Exercise details
The output must contain exactly the lines from the top of the listing below through the line containing "Large Ruby &", and no pictures.

Exercise data
<<<<

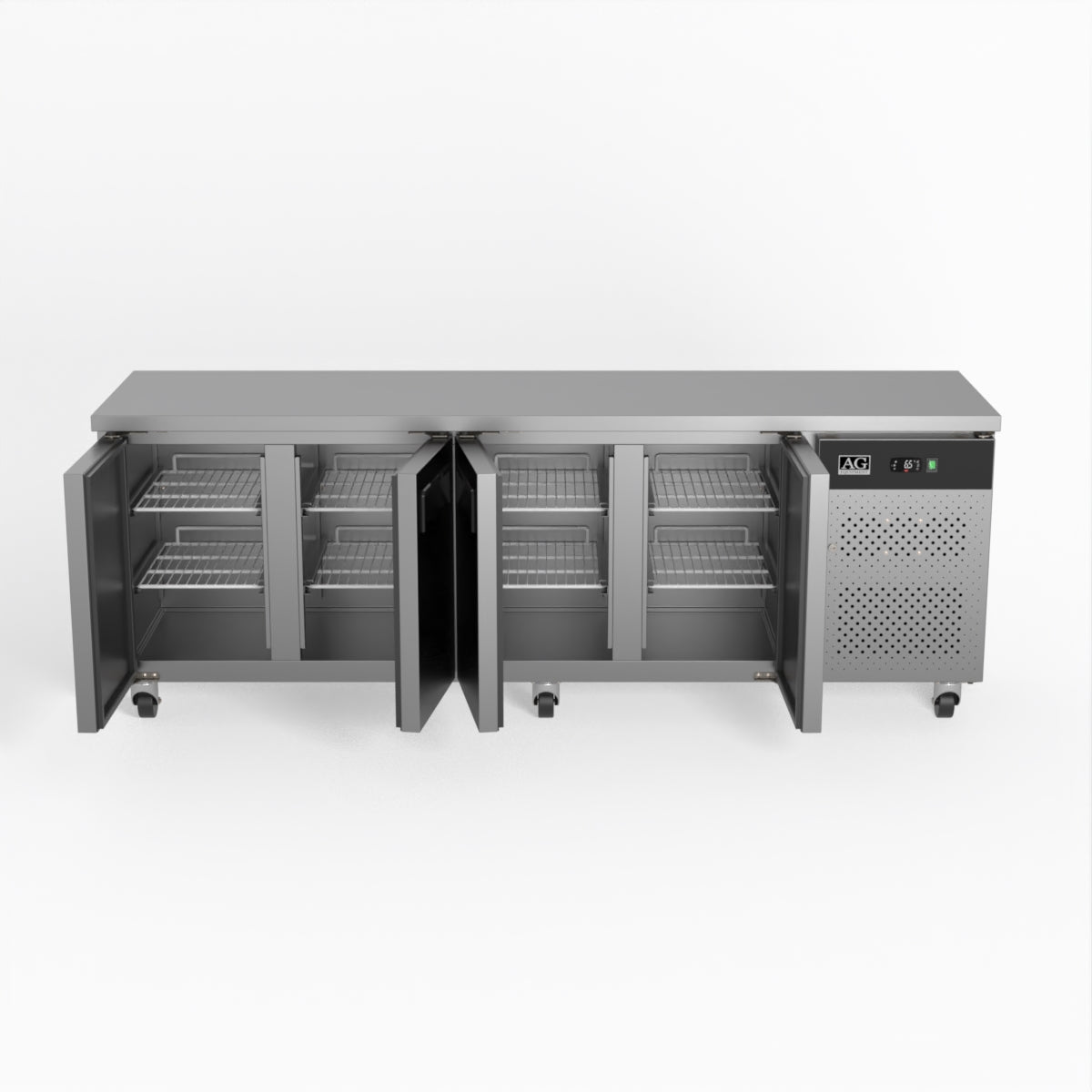 AG 4-Door Commercial Refrigerator - Stainless Steel Worktop & Under Counter Fridge for Restaurants, Bars, and Catering Businesses - Perfect for Food Storage, Beverage Cooling, and Kitchen Organization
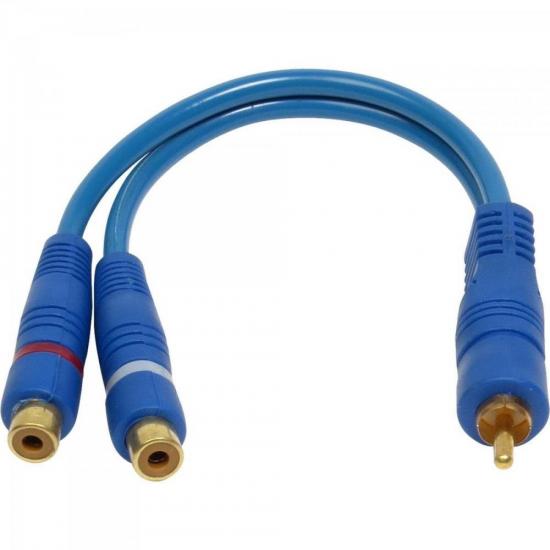 Cabo Audio 1 RCA Macho X 2 RCA Femeas 20cm 5mm CBAY0007 Azul STORM por 0,00 à vista no boleto/pix ou parcele em até 1x sem juros. Compre na loja Mundomax!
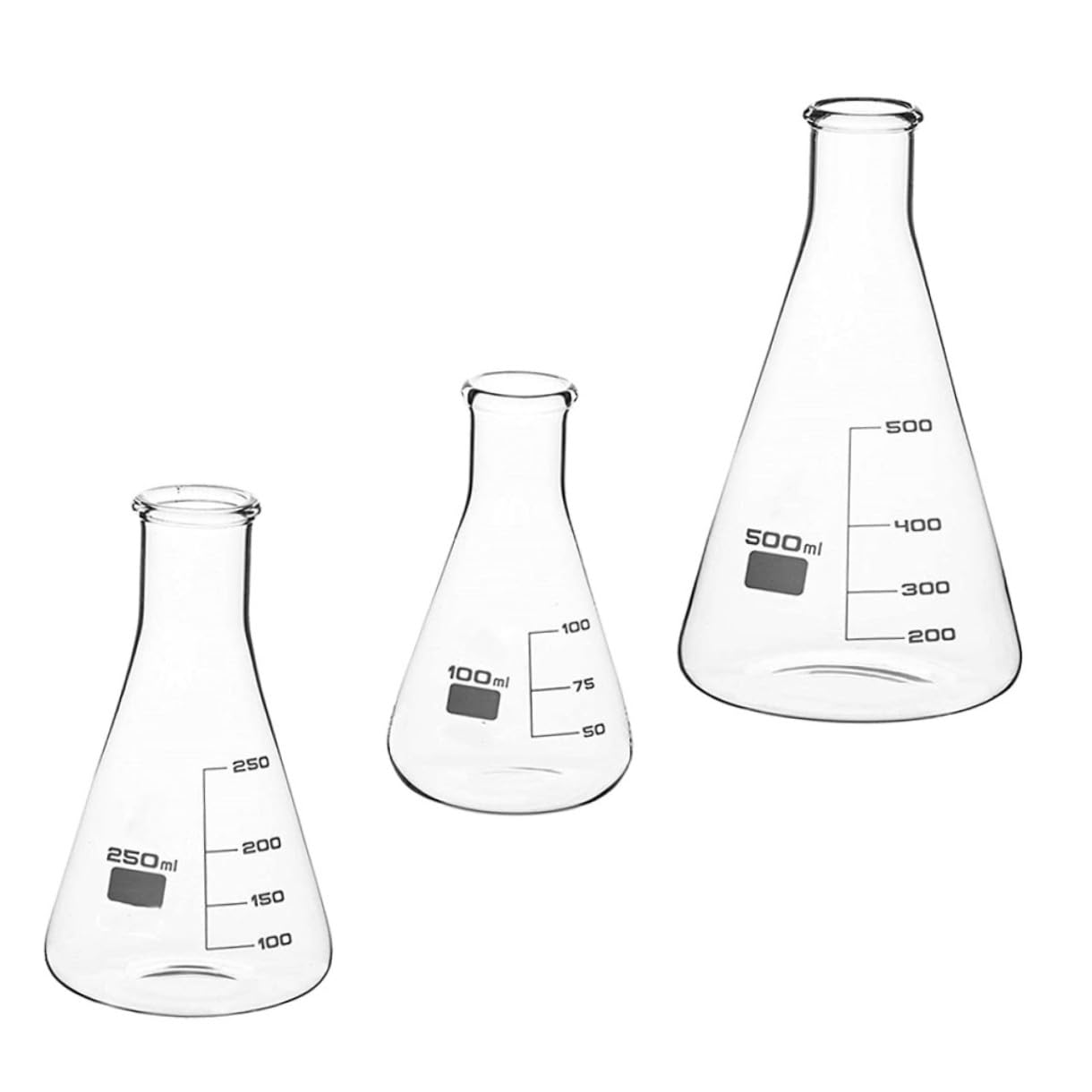 Anneome Juego de 3 Matraces Cónicos de Vidrio Borosilicato Alto | 100 Ml, 250ml y 500ml, Graduaciones Estándar, Fondo Plano para Laboratorio E Investigación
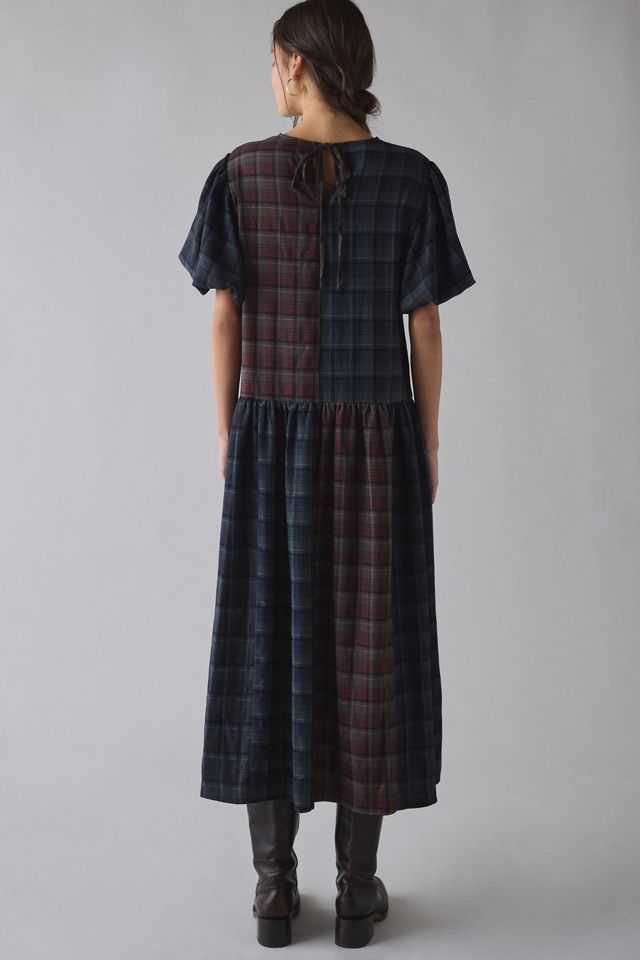 Daisy Street Heath Patchwork Plaid Puff Sleeve Flounce Midi Dress #3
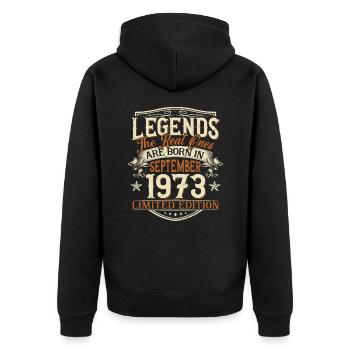 Septembre 1973 Anniversaire de naissance - Veste à capuche bio Premium Unisexe - noir - Dos - Nico (187cm)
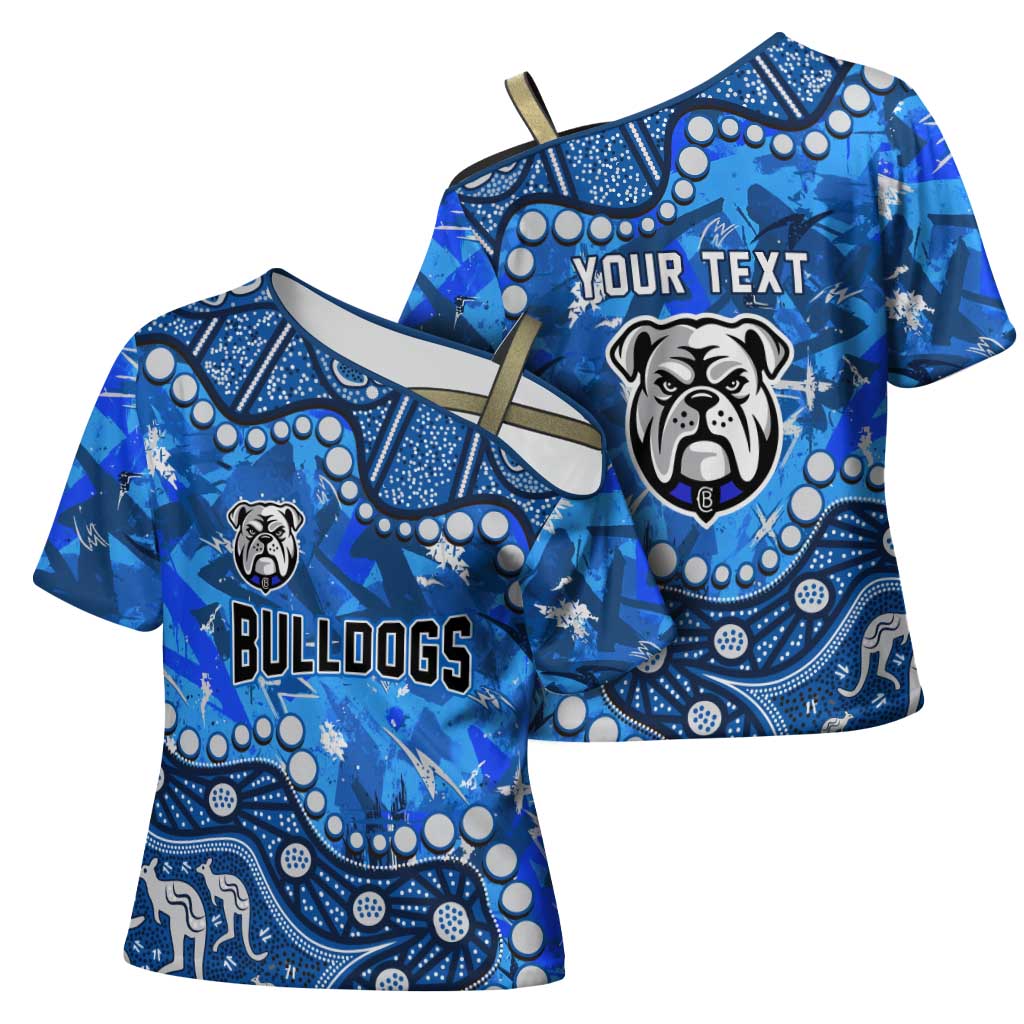 Personalized Canterbury-Bankstown Bulldogs Cross Shoulder Shirt Aboriginal Pattern with Graffiti Style Design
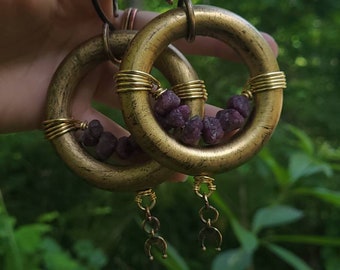 Large Ruby & Brass 8g Ear Hangers // Large Brass Gemstone Ear Hangers // Dark Mori Ear Weights // Raw Ruby 8g Brass Ear Weights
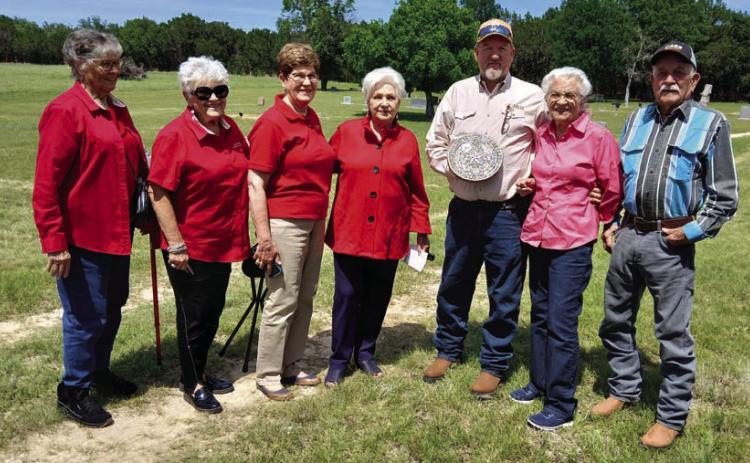 On hand to recognize the dedication of the historical medallion at Rock Church Cemetery are Lampasas County Historical Commission members, from left to right, Peggy Wolfe, Janie Potts, Lenora Isenhour and Clydell Wallace; Rock Church Cemetery Association President Cory Craft; Charlotte Myrick; and Allen Craft, cemetery association vice president. COURTESY PHOTO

>>>>

Solution to the exercise
 AG 4-Door Commercial Refrigerator - Stainless Steel Worktop & Under Counter Fridge for Restaurants, Bars, and Catering Businesses - Perfect for Food Storage, Beverage Cooling, and Kitchen Organization
 Cabo Audio 1 RCA Macho X 2 RCA Femeas 20cm 5mm CBAY0007 Azul STORM por 0,00 à vista no boleto/pix ou parcele em até 1x sem juros. Compre na loja Mundomax!
 Anneome Juego de 3 Matraces Cónicos de Vidrio Borosilicato Alto | 100 Ml, 250ml y 500ml, Graduaciones Estándar, Fondo Plano para Laboratorio E Investigación
 Daisy Street Heath Patchwork Plaid Puff Sleeve Flounce Midi Dress #3
 Septembre 1973 Anniversaire de naissance - Veste à capuche bio Premium Unisexe - noir - Dos - Nico (187cm)
 Personalized Canterbury-Bankstown Bulldogs Cross Shoulder Shirt Aboriginal Pattern with Graffiti Style Design
 Large Ruby & Brass 8g Ear Hangers // Large Brass Gemstone Ear Hangers // Dark Mori Ear Weights // Raw Ruby 8g Brass Ear Weights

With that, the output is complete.